Bericht über das Training

Das Wetter hätte am Wochenende des Gefängnis-Trainings nicht besser passen können: Irgendwie verregnet und schwül, obwohl es Ende Juli war. Wäre draußen strahlender Sonnenschein und Hitze gewesen, hätten wir alle wohl häufiger daran gedacht, dass wir lieber am See liegen würden anstatt drei Tage in einem Seminarraum zu sitzen. Der Regen und die sich abwechselnde Schwüle und Kühle machten es einfacher, sich mit der ungemütlichen Thematik und dem Gedanken zu befassen: Wir sind alle hier, weil wir vielleicht in den Knast gehen.
“Wir” waren in diesem Fall acht Personen zwischen Anfang 20 und Anfang-Mitte 70, plus Isabelle, die das Training gab.
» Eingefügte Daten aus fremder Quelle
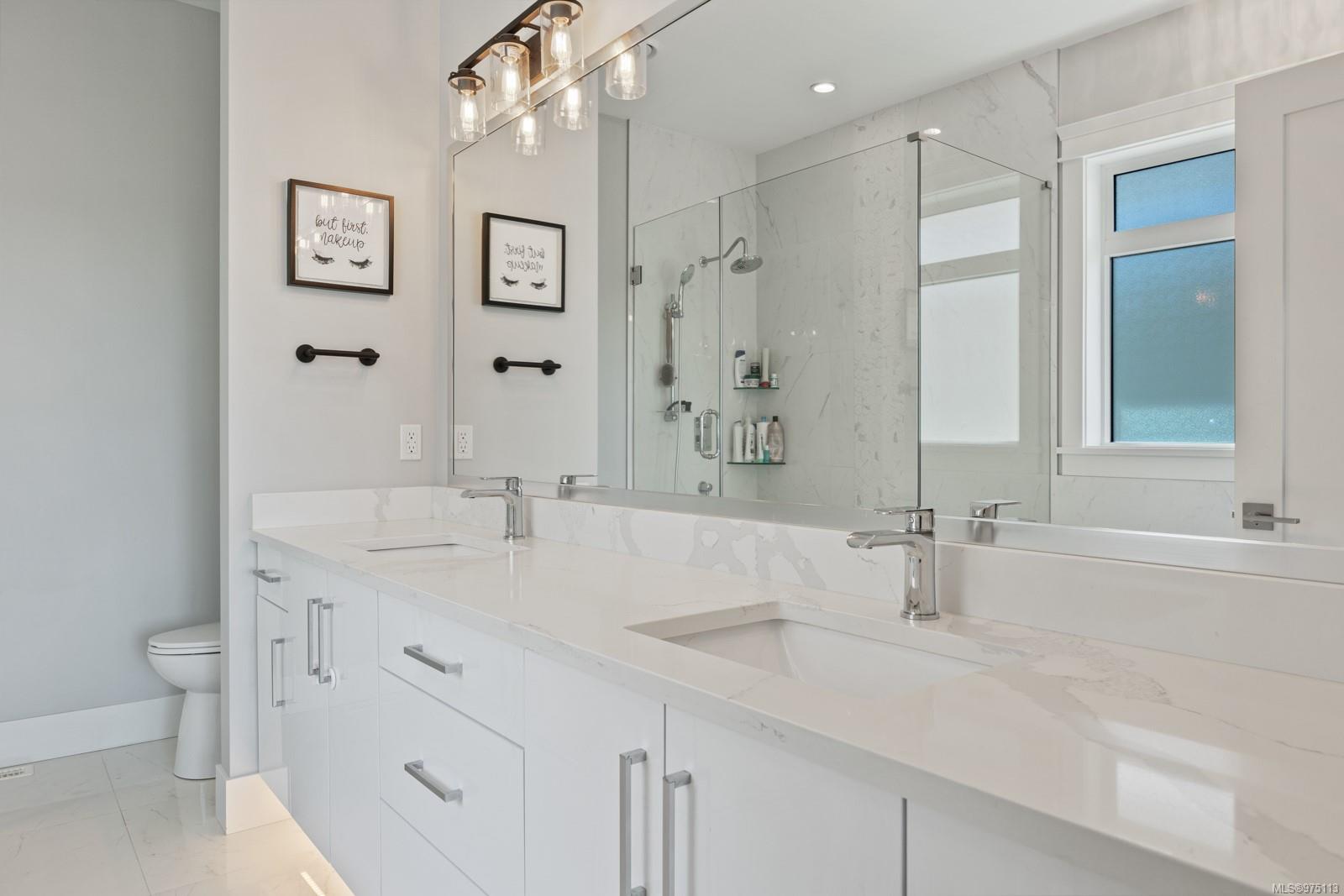 1424 Crown Isle Blvd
Schon die Beweggründe, warum wir da waren, unterschieden sich: Einige von uns hatten bereits Haftstrafen in Aussicht über Verurteilungen an Amtsgerichten, auch wenn diese noch nicht rechtskräftig waren. Einigen war klar: Sie werden kommen, die Haftstrafen, allein durch die Höhe an Tagessätzen, die einfach nicht bezahlt werden können.
Ich und eine Freundin waren aus zwei Gründen da: Einerseits arbeiten wir beide beim RAZ in unterschiedlichen Rollen mit und wollten gerne alle Bereiche unserer Vereinsarbeit erleben, um selber besser arbeiten zu können auf unseren Gebieten. Wir beide überlegen aber auch, Tagessätze bewusst abzusitzen: Also Geldstrafen, auch wenn sie vielleicht bezahlt werden KÖNNTEN durch Crowdfundings, Hilfe der Familie etc., in Ersatzfreiheitsstrafen umzuwandeln. Der Unterschied ist also: Die Entscheidung für die Haft wird aktiv getroffen.
Manche von uns waren in Rente, manche lohnarbeiteten, manche bezogen Bürgergeld oder waren in Einkommens-Ökonomien (LINK) organisiert. Eine bunte Mischung aus Menschen mit den unterschiedlichsten Fragen, allen voran: Wie überstehen ich und mein Umfeld es, wenn ich in den Knast gehe?!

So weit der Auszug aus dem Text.